Structure and reconstitution of a hydrolase complex explain how nascent peptidoglycan is released from the membrane during cell wall assembly

Bacteria are surrounded by a peptidoglycan cell wall that is essential for their survival. During cell wall assembly, a lipid-linked disaccharide-peptide precursor called Lipid II is polymerized and crosslinked to produce mature peptidoglycan. As Lipid II is polymerized, nascent polymers remain membrane-anchored at one end and the other end becomes crosslinked to the matrix. A longstanding question is how bacteria release newly synthesized peptidoglycan strands from the membrane to complete the synthesis of mature peptidoglycan.
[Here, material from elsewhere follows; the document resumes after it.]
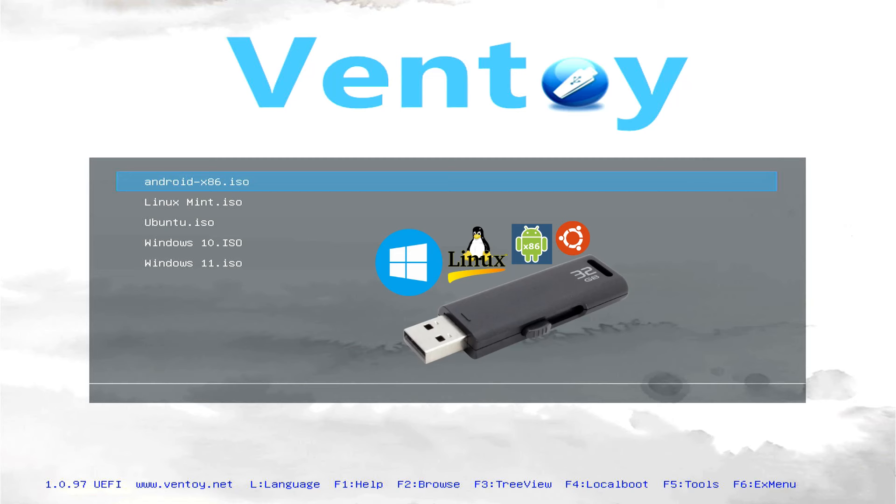Do you want to run multiple operating systems from a single USB flash drive? For that, you need to create a multi-OS bootable USB drive.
Here we show that a Staphylococcus aureus cell wall hydrolase and a membrane protein containing eight transmembrane helices form a complex that acts as a peptidoglycan release factor. This complex cleaves nascent peptidoglycan internally to produce free oligomers as well as lipid-linked oligomers that can undergo further elongation. The membrane protein partner controls the lengths of these products. We solved a 2.6 Å resolution structure of the complex that shows that the membrane protein scaffolds the hydrolase to orient its active site for cleavage of the glycan strand. We propose that this complex serves to detach newly-synthesized peptidoglycan polymer from the cell membrane to complete integration into the cell wall matrix.